I kinda like dice pool systems, but can get why some people are turned off by it.
I almost always did some form of this for chargen. Like in AD&D you'd pick your class first, and get a pool of 6d6 for your main stat and 4 or 5 for the rest. And even then if you got a really shitty main stat roll I'd throw it out and so you'd nearly be guaranteed 16-18 in your main stat.
I was seriously not into having a retarded mage or a "fighter" who couldn't lift a toothpick.
For all the percentile cucks, I'm just going to say that D20 is percentile just gated at 5% increments. If you really care about +-4% ...fucking lol.
D20 does fine for "roll to hit a thing." I like a little more granularity for other things, though. "Roll to hack the Pentagon using quantum electrodynamics" for instance.
CoC your character never levels up, they slowly erode until they die, go insane, or both.

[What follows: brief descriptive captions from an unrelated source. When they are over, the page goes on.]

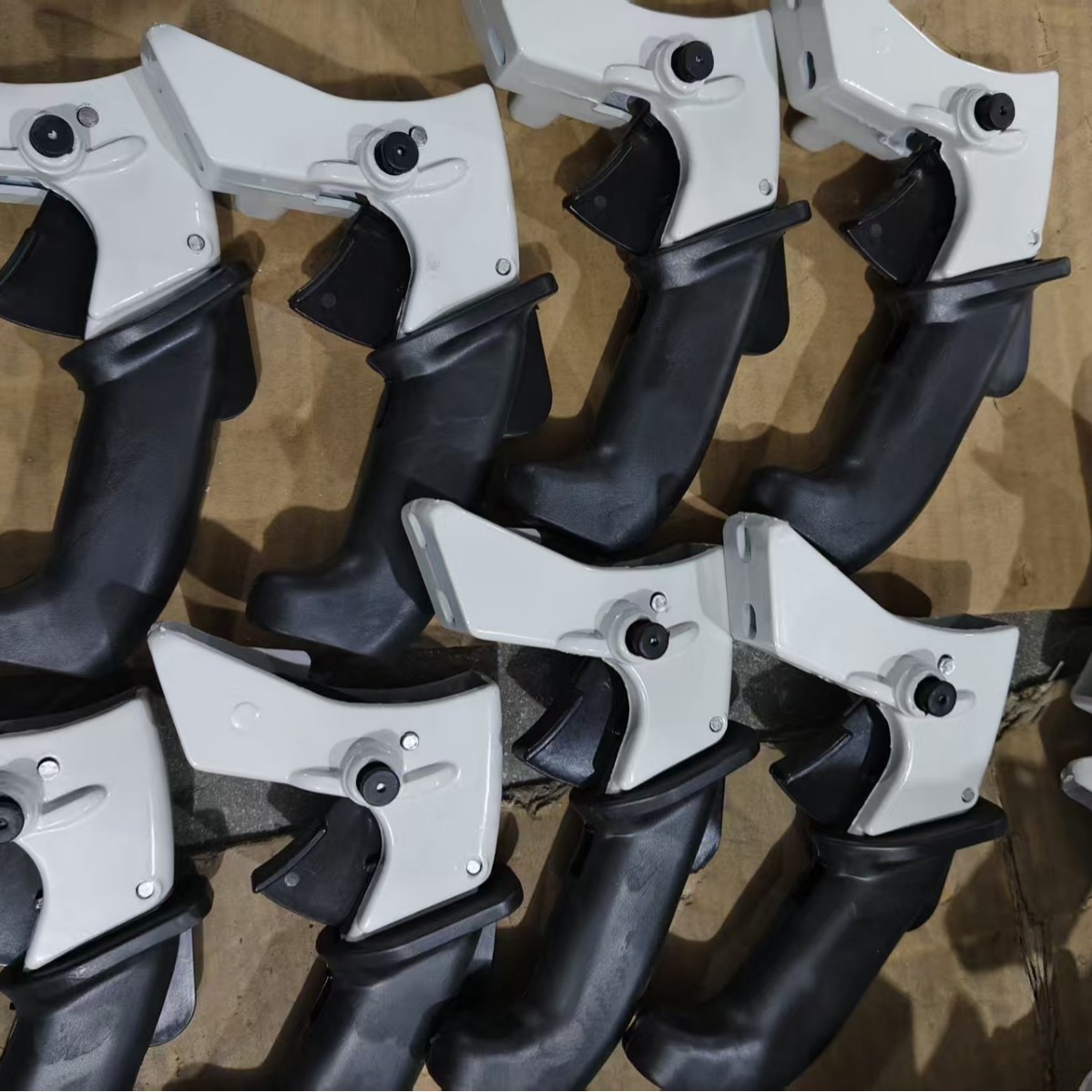 油锯后手把  后手把总成  070油锯后手把   070油锯手把  油锯手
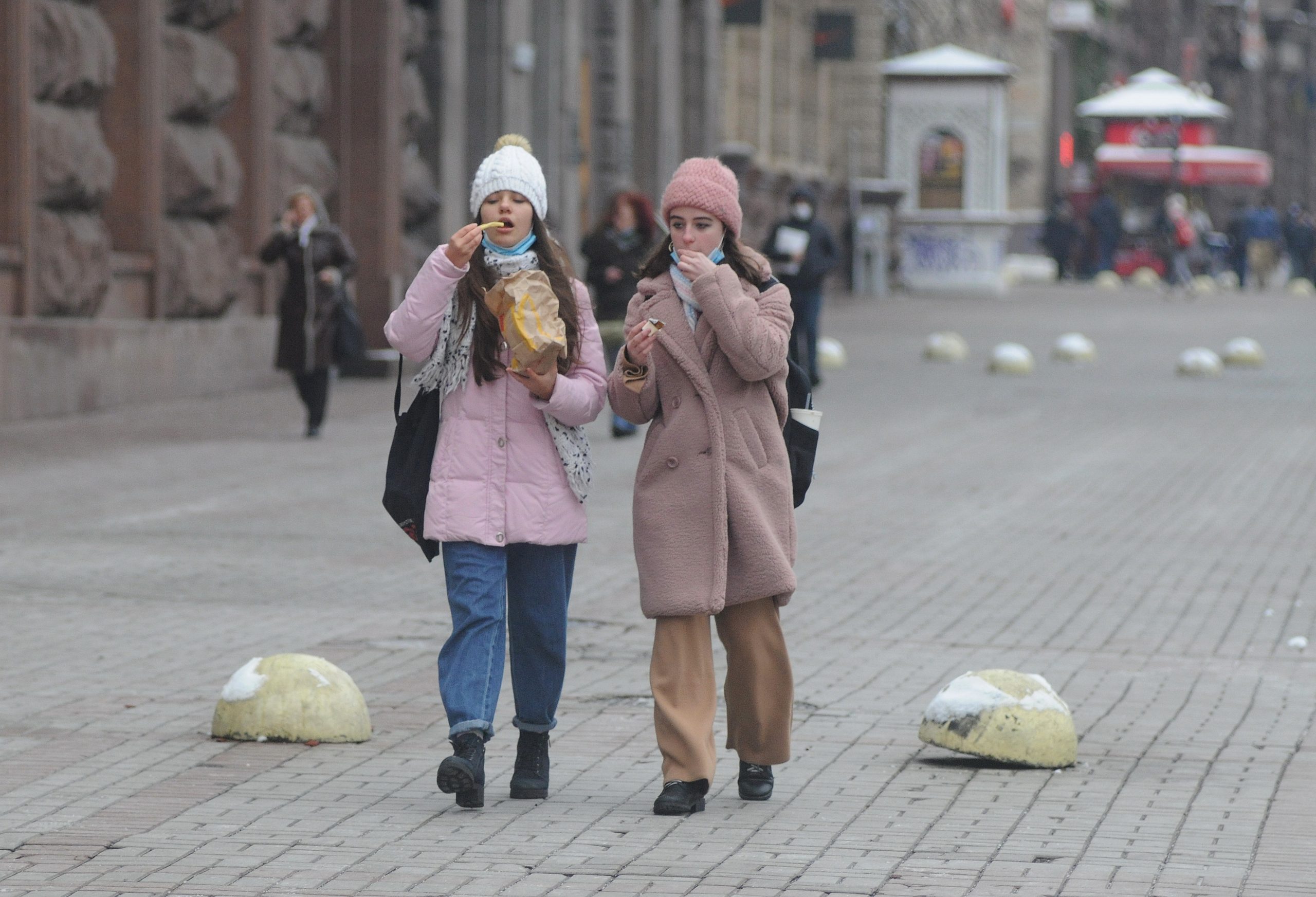В первый день зимы в Киеве выпал снег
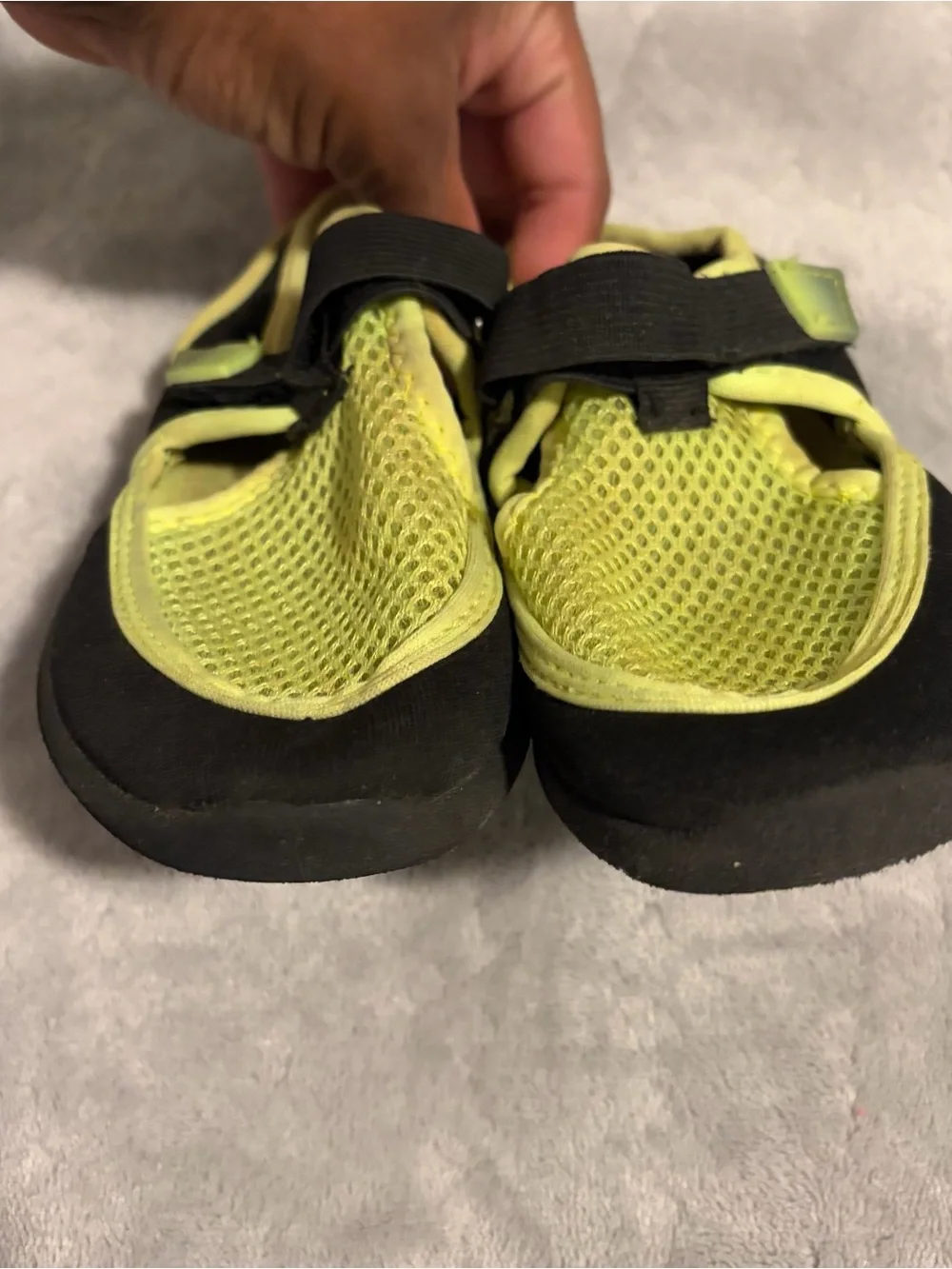 wonder nation Neon Yellow and Black Kids Water Shoes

While that's definitely true, the irony is they get more and more powerful while doing this. Since there's no method of restoring sanity, and you're inevitably going to die, the most powerful characters are those about to do either of those things, and they've probably been collecting the very eldritch lore (and spells) that have driven them to the verge of insanity.
One of my favorite (sadistic) mechanics is I had an insanity system for what someone would do when they went utterly insane and turned into an NPC, and one of the big ones was casting one of those spells there was no practical use for, like summoning some uncontrollable entity.

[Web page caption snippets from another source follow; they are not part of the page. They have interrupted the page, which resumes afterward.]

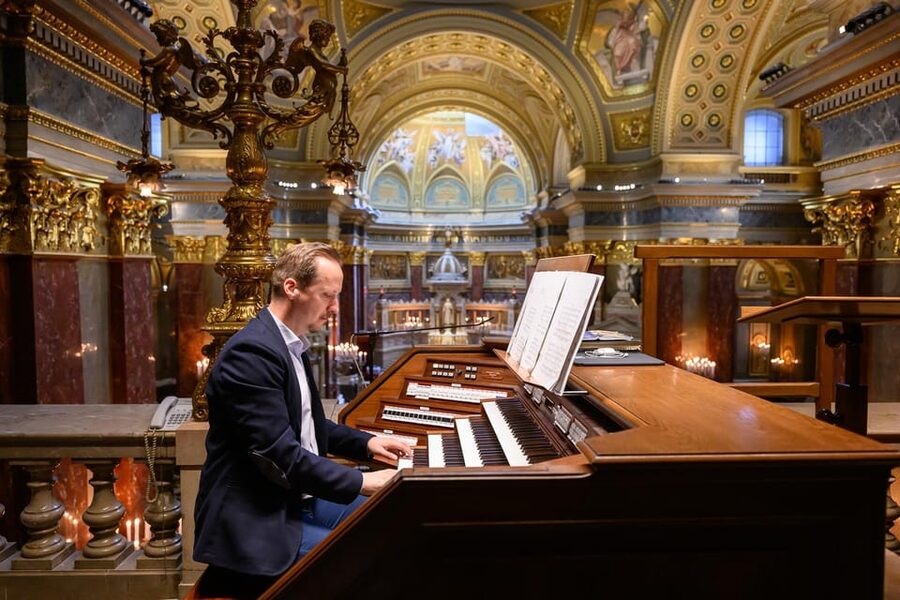 Budapest: St.Stephen's Basilica Grand Organ Concert Tickets - Panoramic terrace views: the part that makes it feel like more than a concert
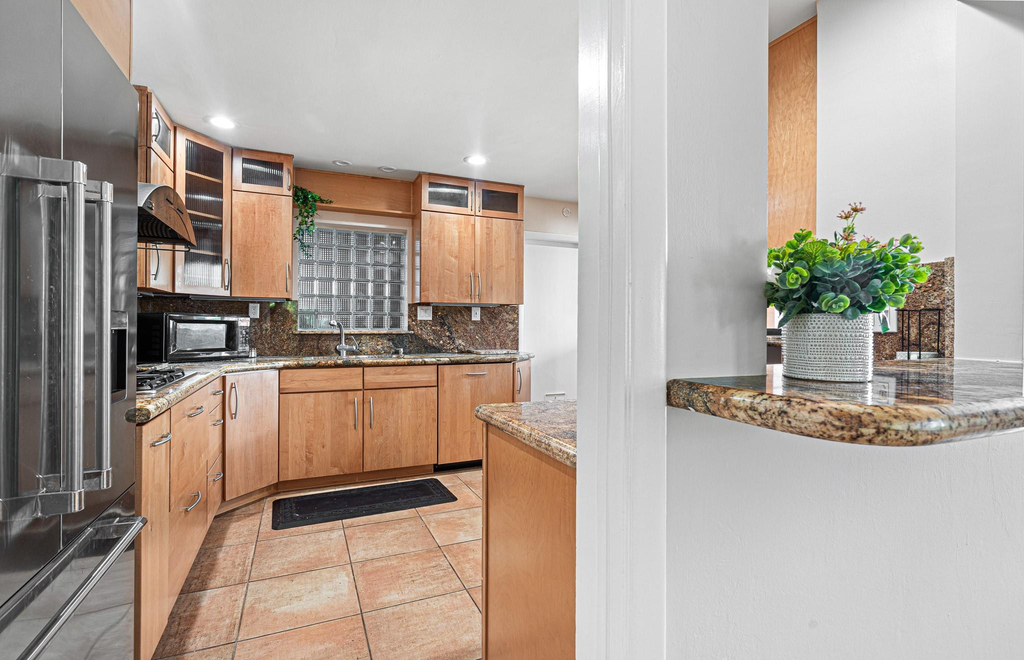 708 Nw 6th Drive - Photo 40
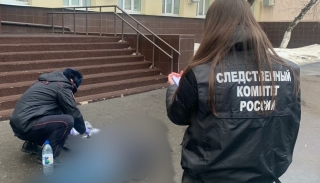 Под окнами МФЦ на Танкистов нашли мертвого мужчину
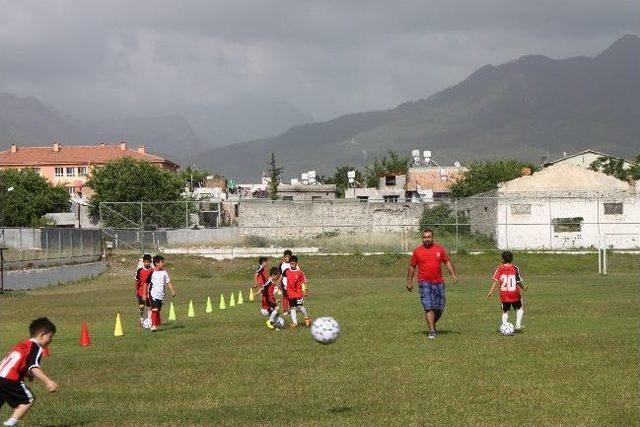 D&ouml;rtyol&rsquo;da Minikler Yaz Futbol Kursu 1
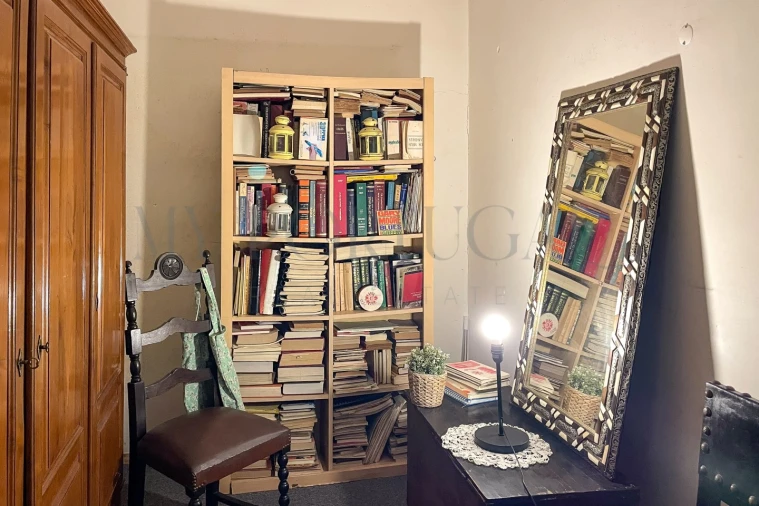 Apartamento T5 para Venda em Santo António Foto 18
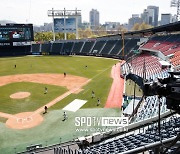 프로야구 공짜로 보는 시대 끝났다… 티빙 우선협상자 선정, 프로야구 유료화 논란 점화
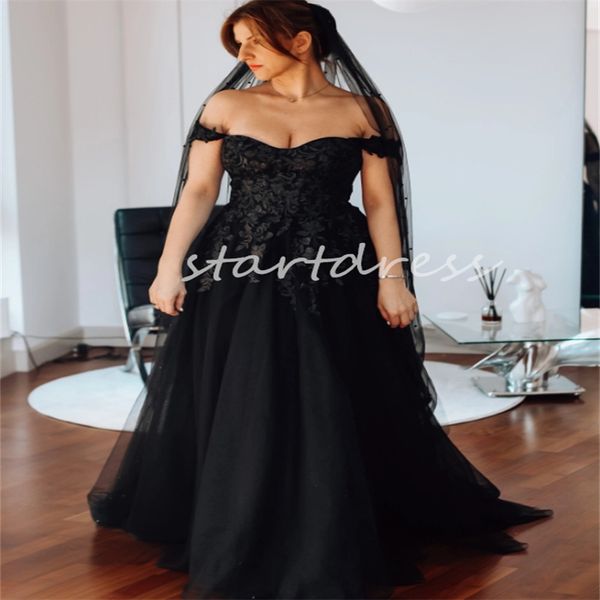 Vintage Black Gothic Wedding Dress Off Shoulders Appliques A Line Tulle Punk Country Farm Bridal Gowns Elegant Robe De Mariage Backless Princess Vestios De Novias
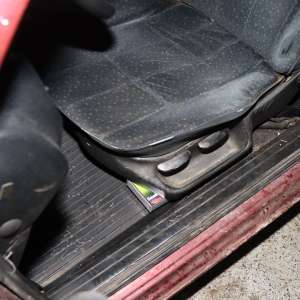 Rezervor plin cu țigări descoperite într-un autoturism oprit în trafic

(Hence excessively powerful PCs often voluntarily resigned to NPC status in a calm, peaceful asylum somewhere to avoid any further sanity loss.)
I always considered Call Azathoth basically a world-ender. That was cast by an ostensibly "sane" character, though, when the end of the world was already nigh, to basically nuke the location the already doomed party was at, having lost the end of the world scenario already. So the world got ended by Azathoth instead of the already-existing world-ender.